Attention Visualizer

A custom attention visualizer implementation. This isn't nearly as good as BertViz and the like, but I used the process of implementation as a way of learning more about Mechanistic Interpretability. My hope is to use what I learn here to augment this viz to apply to Vision Language Action (VLA) models. I am invested in controllable and reliable Robotics, and given the recent trend towards ML-based control, studying interpretability seems like the way to go.

Demo

Select L-H pairs and Parametrize

You can choose to display any number of layer-head combinations to visualize attention.

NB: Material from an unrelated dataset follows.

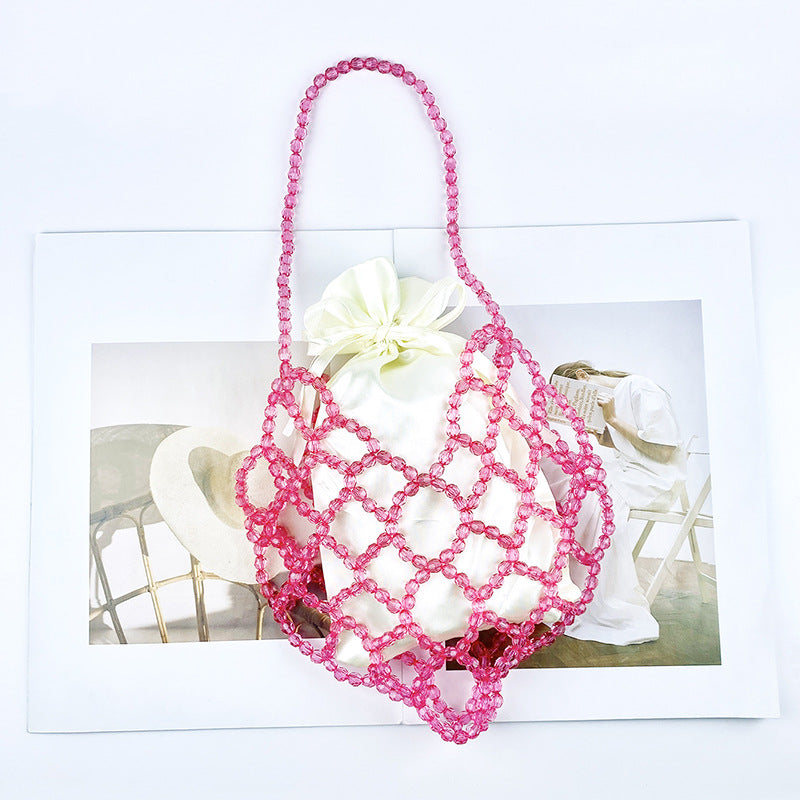 Pink Beads Hollow Out Shoulder Bags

In addition, you can perform various methods of ablation to study the effect on the next token prediction.

select_prompt_and_heads

Note: I use token_# to denote repeated tokens for clarity.

Run the Ablation Study

You can take your prompt and run two types of ablation studies:

  • Generic: maximize KL-divergence change
  • Targeted: pick an alternate token prediction in the dropdown and ablate heads until it becomes the most likely option (this is what I do here)

run_ablation_study

Here, since we chose John as the target token for our ablation study, we can see that many of the resultant attention maps show to_2attending to Mary, John, and John_2. We'll explore this in more detail with circuit discovery, but the attention heatmap alone shows that the ablation H-Ls are now masking the repitition John_2, allowing John to emerge as the next prediction.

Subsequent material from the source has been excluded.